McDonald's protest issues began in 2012 when demonstrations seeking a $15 an hour wage started in New York City. That number came up again Thursday as chanters outside the shareholders meeting yelled ''I want, I want, I want my $15.''
Shawn Dalton, who traveled from Pittsburgh, told the Associated Press that her daughter is a recent high school graduate who can't afford to go to college right away so she'll likely wind up earning Pennsylvania's $7.25-an-hour minimum wage.
''That won't get her an apartment, that won't buy a bus pass, that won't buy food,'' Dalton said. ''She'll either have to depend on welfare or depend on me.''
Inside the meeting Thompson was not buying what the protesters were selling. "We pay fair, competitive wages ... and we provide job opportunities and training for those entering the work force. We're trying to be a really great employer," he said.

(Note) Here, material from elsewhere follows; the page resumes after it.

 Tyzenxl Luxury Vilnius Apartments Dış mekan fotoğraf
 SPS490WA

The wage issue is an especially challenging one for McDonald's as both side of the argument are correct. Protesters are right that most McDonald's workers make a wage that it's awfully hard to live on. Thompson is also right that his company provides a career path and opportunities to countless employees who would not have them otherwise.

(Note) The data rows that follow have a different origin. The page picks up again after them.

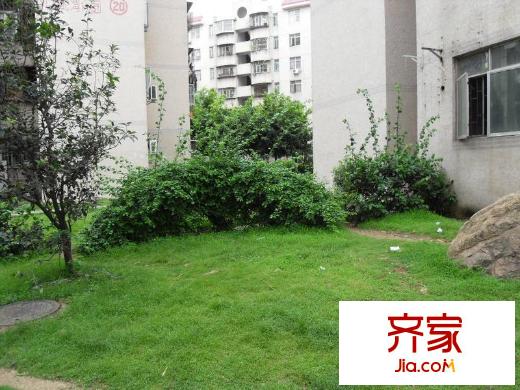 月亮湾花园外景图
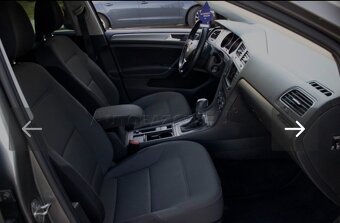 Volkswagen golf 1.6 tdi - 9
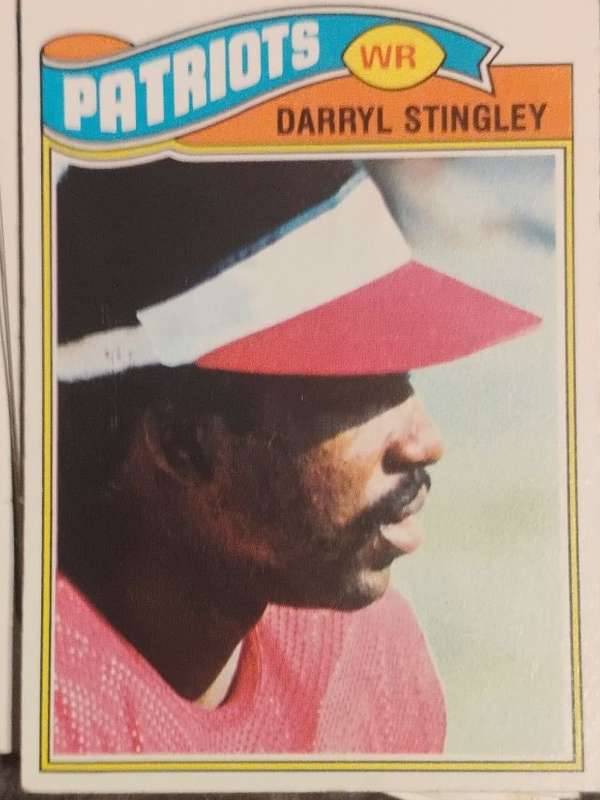 Darryl Stingley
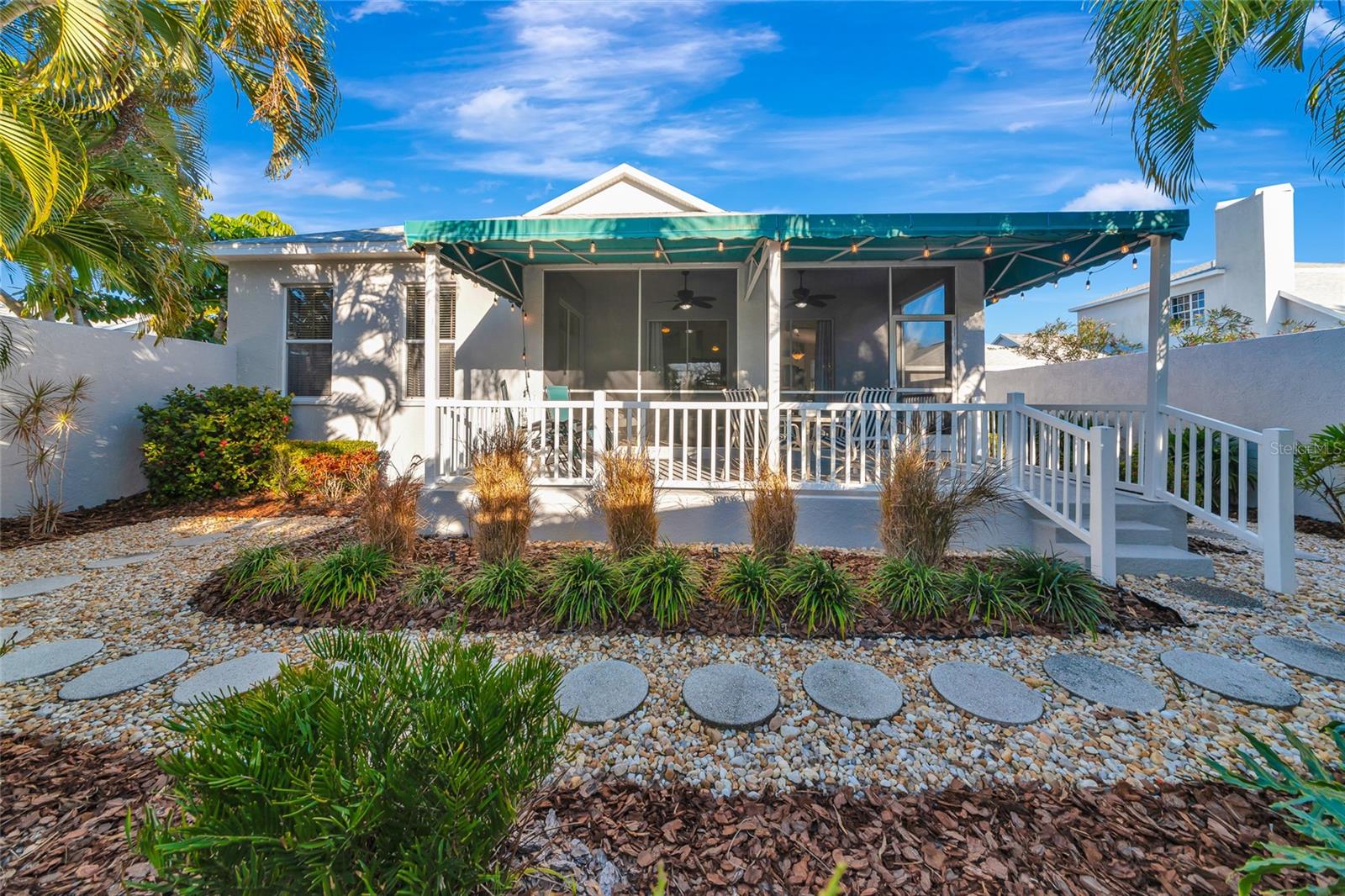 PATIO HOMES - Residential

McDonald's faces a war on multiple fronts
The wage controversy comes at a time when McDonald's has been battling slumping U.S. sales as the chain loses customers both to fast casual competitors like Chipotle (NYSE: CMG) and the fact that families with children are eating out less often in general (which I wrote about for the Fool here). The fast food giant also faces an assault on its lucrative breakfast business as Yum Brands's (NYSE: YUM) Taco Bell franchise has aggressively targeted the burger chain in its effort to win market share in the morning
McDoanld's has a 25% market share of the $50 billion fast food breakfast market, according to market researcher Technomic.

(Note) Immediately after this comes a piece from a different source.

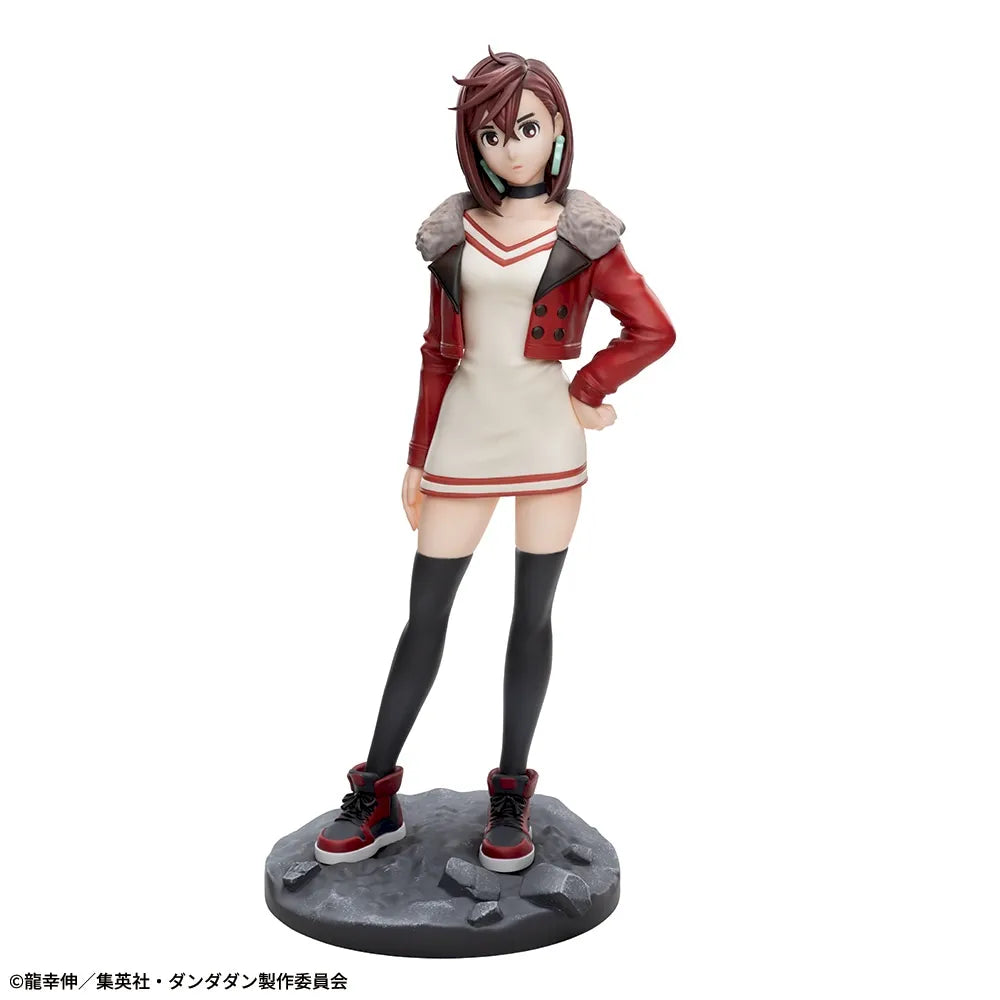 SEGA Momo Ayase (Vol. 2) Luminasta - Dandadan - official photo 2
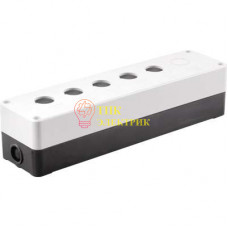 Корпус КП 105(6) для кнопок BKP10-6-K01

While it faces all those issues McDonald's is also facing a backlash over how healthy (or unhealthy) its food is -- specifically in regards to its children's meals. Efforts to fix that include the recent introduction of yogurt as an option in Happy Meals. The company also recently introduced a new mascot -- Happy -- a talking take on its Happy Meal box that has received a very mixed reaction. Though the goal of the mascot is educating children on making healthy choices, that fact has been lost under the ocean of Twitter and Facebook posts that find the character creepy.
Like with the issue of employee pay, McDonald's has faced a backlash even when it tries to do the right thing. Certainly the company sells unhealthy food but it also sells the food kids like to eat. Adding yogurt and apple slices as alternatives to fries may not be popular options but at least the chain has made them available.
McDonald's needs to weather the storm
Thompson is correct in what he says about his company providing a path to a career both inside and outside the company. What he's not saying is that entry-level fast food jobs are not supposed to pay enough to comfortably support a family. Working for minimum wage at McDonald's should be a stepping stone either to a better job elsewhere or a higher-paying job within the fast food giant.
McDonald's promotes aggressively from within and the chain is filled with success stories where entry level workers work their way up to managers, general managers, and even franchise owners.
The protesters have a sympathetic story but McDonald's should not cave to their pressure. The free market decides whether a company needs to pay more for unskilled labor. If McDonald's franchises can't find employees willing to take minimum wage jobs because there are higher paying or more pleasant alternate opportunities, then the company will have to pay more to hire workers. Until the happens Thompson should work on helping the chain's workers gain skills and advance because that's good for the employee and the company. But he should not pay above the going rate or give in to protests.